Repeat the data below in full. Pictures must not be part of the copy.

# Data shown
____________

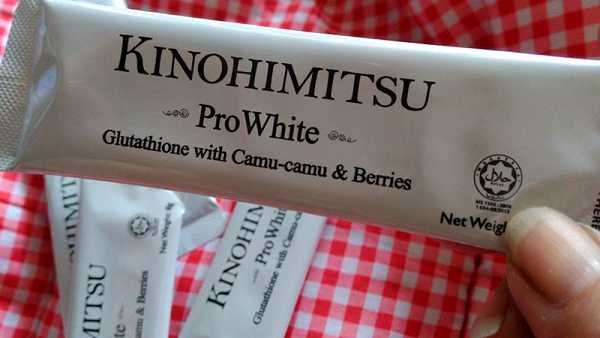 Kinohimitsu擊黑素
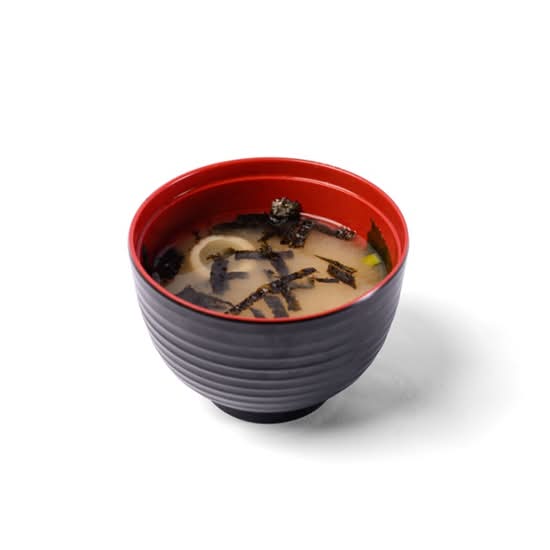 E18 Miso Soup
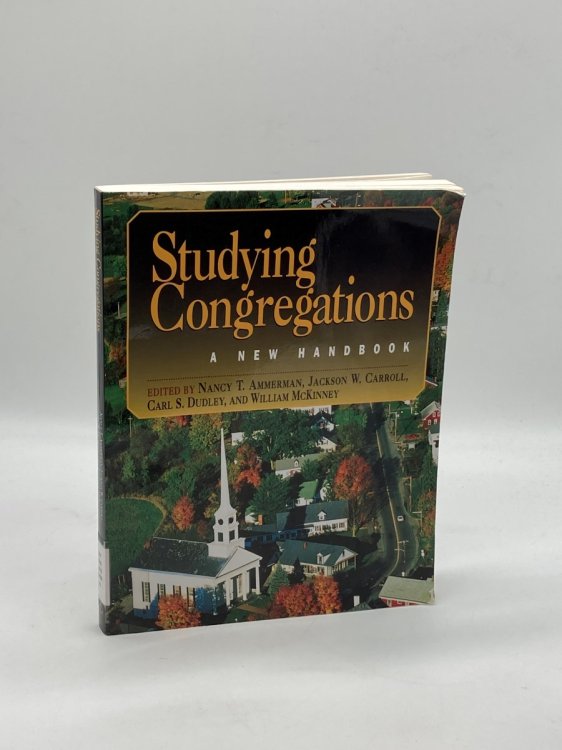 Studying Congregations A New Handbook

____________

# Exercise result
 Kinohimitsu擊黑素
 E18 Miso Soup
 Studying Congregations A New Handbook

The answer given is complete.